_EXERCISE AIM_. Could you write out exactly, and only, the lines from the one containing "新品未使用！電気毛布 敷き 掛け兼用 188×130 丸洗い可能の画像" through the last line of the data, leaving out all pictures?

_RECORDS FOR THE EXERCISE_.
┄┄┄┄┄┄┄┄┄┄┄┄┄┄┄┄┄┄┄┄
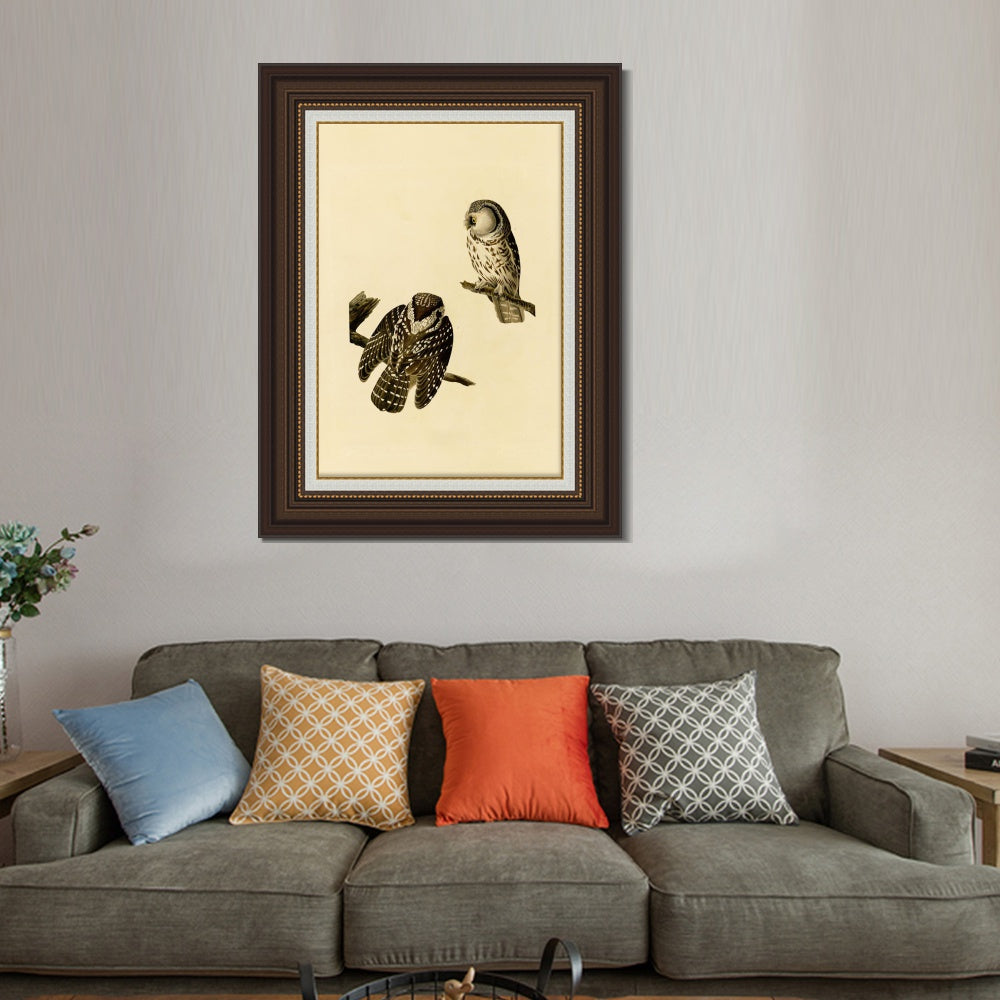 INVIN ART Framed Canvas Art Giclee Print Tengmalm's_Owl by John James Audubon  Home Office Wall Art Decorations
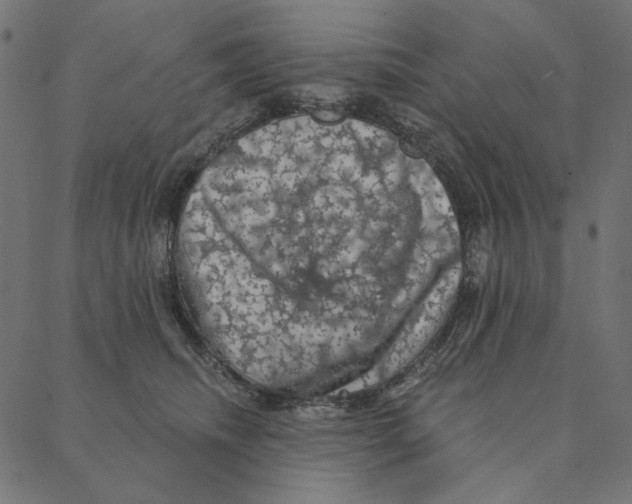 X0000087380468200705181246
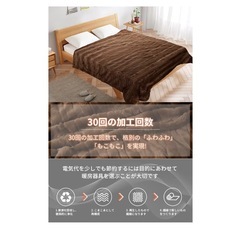 新品未使用！電気毛布 敷き 掛け兼用 188×130 丸洗い可能の画像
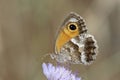 Zuidelijk oranje zandoogje, Southern Gatekeeper, Pyronia cecilia Royalty Free Stock Photo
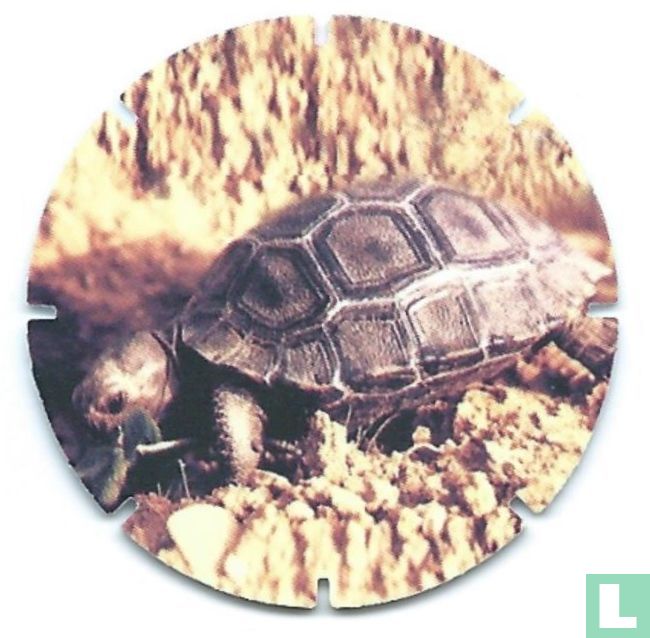 Galapagos Schildpad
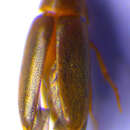 Image of <i>Anisoxya fuscula</i>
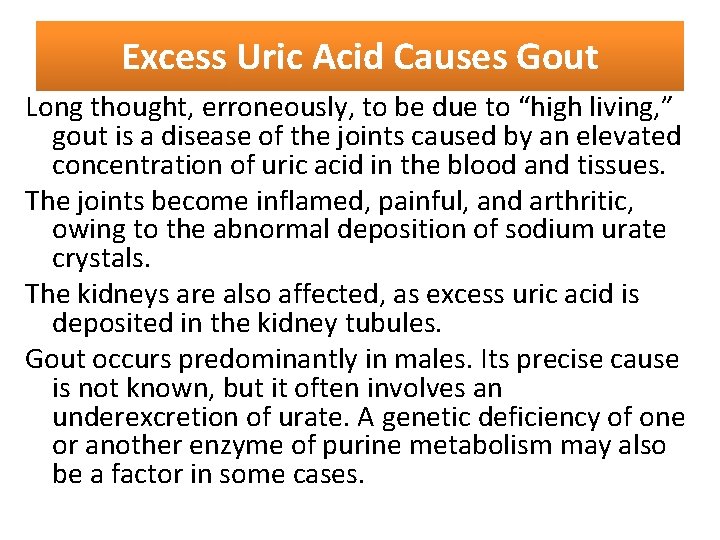 Excess Uric Acid Causes Gout Long thought, erroneously, to be due to “high living,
┄┄┄┄┄┄┄┄┄┄┄┄┄┄┄┄┄┄┄┄
_EXERCISE RESULT_.
 新品未使用！電気毛布 敷き 掛け兼用 188×130 丸洗い可能の画像
 Zuidelijk oranje zandoogje, Southern Gatekeeper, Pyronia cecilia Royalty Free Stock Photo
 Galapagos Schildpad
 Image of <i>Anisoxya fuscula</i>
 Excess Uric Acid Causes Gout Long thought, erroneously, to be due to “high living,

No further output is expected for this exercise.